What is the visible light wavelength range?
Visible light spans 380-700 nm: violet (380-450nm), blue (450-485nm), green (500-565nm), yellow (565-590nm), orange (590-625nm), and red (625-700nm). This is less than 0.004% of the full electromagnetic spectrum.
How do I convert nanometers to frequency?
Use f = c/λ. Convert nm to meters (divide by 10⁹), then divide 3×10⁸ by the result. Example: 500 nm = 5×10⁻⁷ m → f = 3×10⁸ ÷ 5×10⁻⁷ = 6×10¹⁴ Hz = 600 THz.
What is a nanometer?
A nanometer (nm) is 10⁻⁹ meters — one billionth of a meter. It's the standard unit for light wavelengths and atomic-scale measurements. A human hair is about 80,000 nm wide. Semiconductor chips are manufactured at nodes of 3-7 nm.
What determines the color of light?
Color is determined by wavelength. The eye has three types of cone cells sensitive to different ranges. Single wavelengths produce spectral colors. Perceived colors like magenta result from the brain combining multiple wavelength inputs.
How is wavelength used in fiber optics?
Fiber optic networks use 1310nm and 1550nm wavelengths where glass has minimum loss. DWDM multiplexes many wavelengths in a single fiber, each carrying separate data. This enables terabits-per-second capacity on the internet backbone.
Why do shorter wavelengths have more energy?
Photon energy E = hc/λ — energy is inversely proportional to wavelength. Shorter wavelengths (UV, X-rays, gamma) carry enough energy to ionize atoms, which is why they are biologically dangerous.
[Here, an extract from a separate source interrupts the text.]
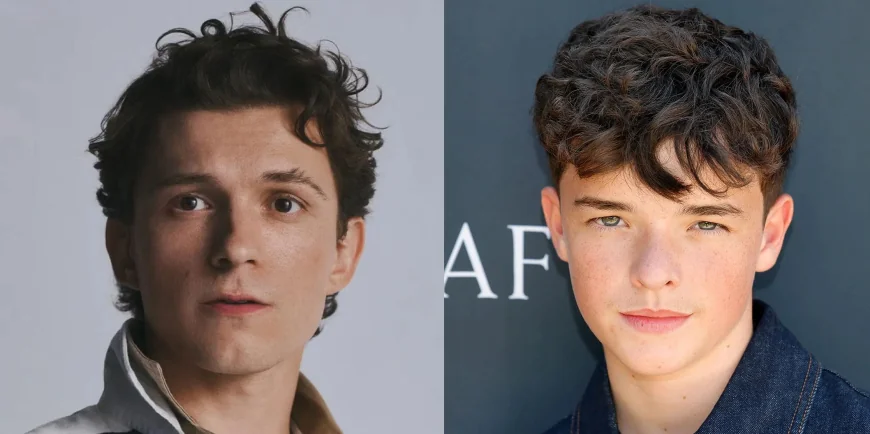 Tom Holland Names Owen Cooper as Spider-Man Successor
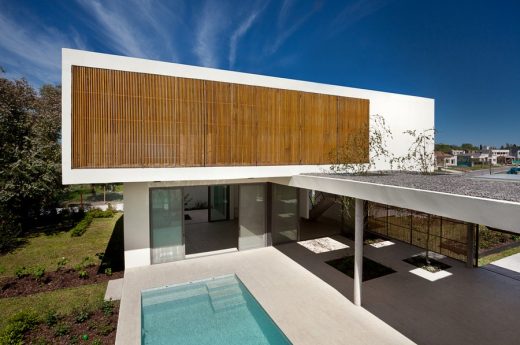 Pedro House design by Argentina Architect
Longer wavelengths (IR, radio) are low-energy and harmless.
Does wavelength change in different materials?
Yes. In denser media (glass, water), light slows down and wavelength shortens by the refractive index factor. Frequency stays the same. For example, in glass (n≈1.5), 600nm light becomes 400nm wavelength while maintaining the same frequency.